#### WHAT NEEDS TO BE DONE
Give the lines below again, exactly as they stand, and leave out the images.

#### AVAILABLE DATA
****

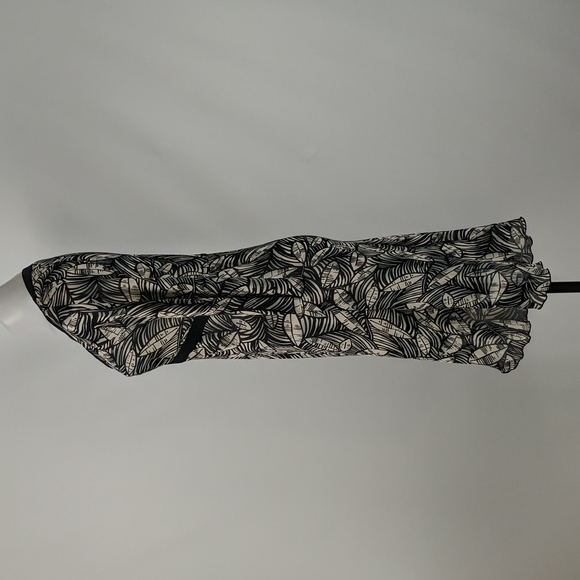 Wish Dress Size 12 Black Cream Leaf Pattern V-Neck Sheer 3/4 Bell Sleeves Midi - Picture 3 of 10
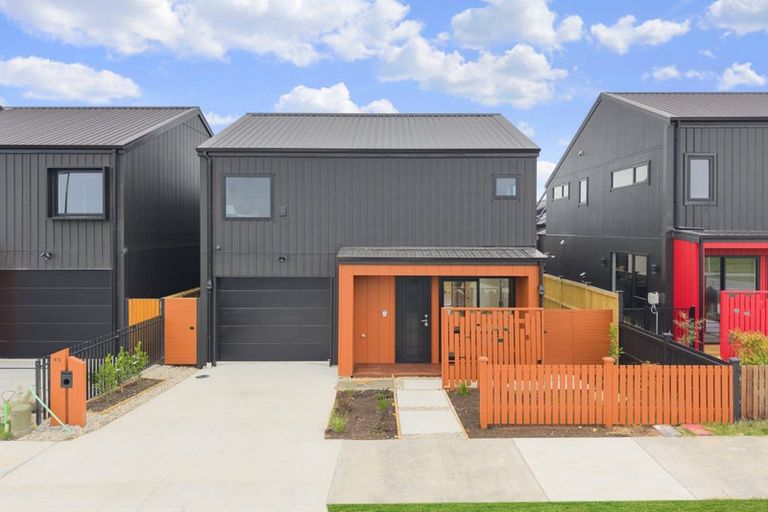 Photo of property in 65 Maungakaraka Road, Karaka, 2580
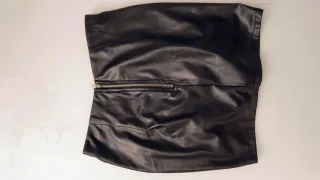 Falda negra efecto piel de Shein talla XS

****

#### REPLY
 Wish Dress Size 12 Black Cream Leaf Pattern V-Neck Sheer 3/4 Bell Sleeves Midi - Picture 3 of 10
 Photo of property in 65 Maungakaraka Road, Karaka, 2580
 Falda negra efecto piel de Shein talla XS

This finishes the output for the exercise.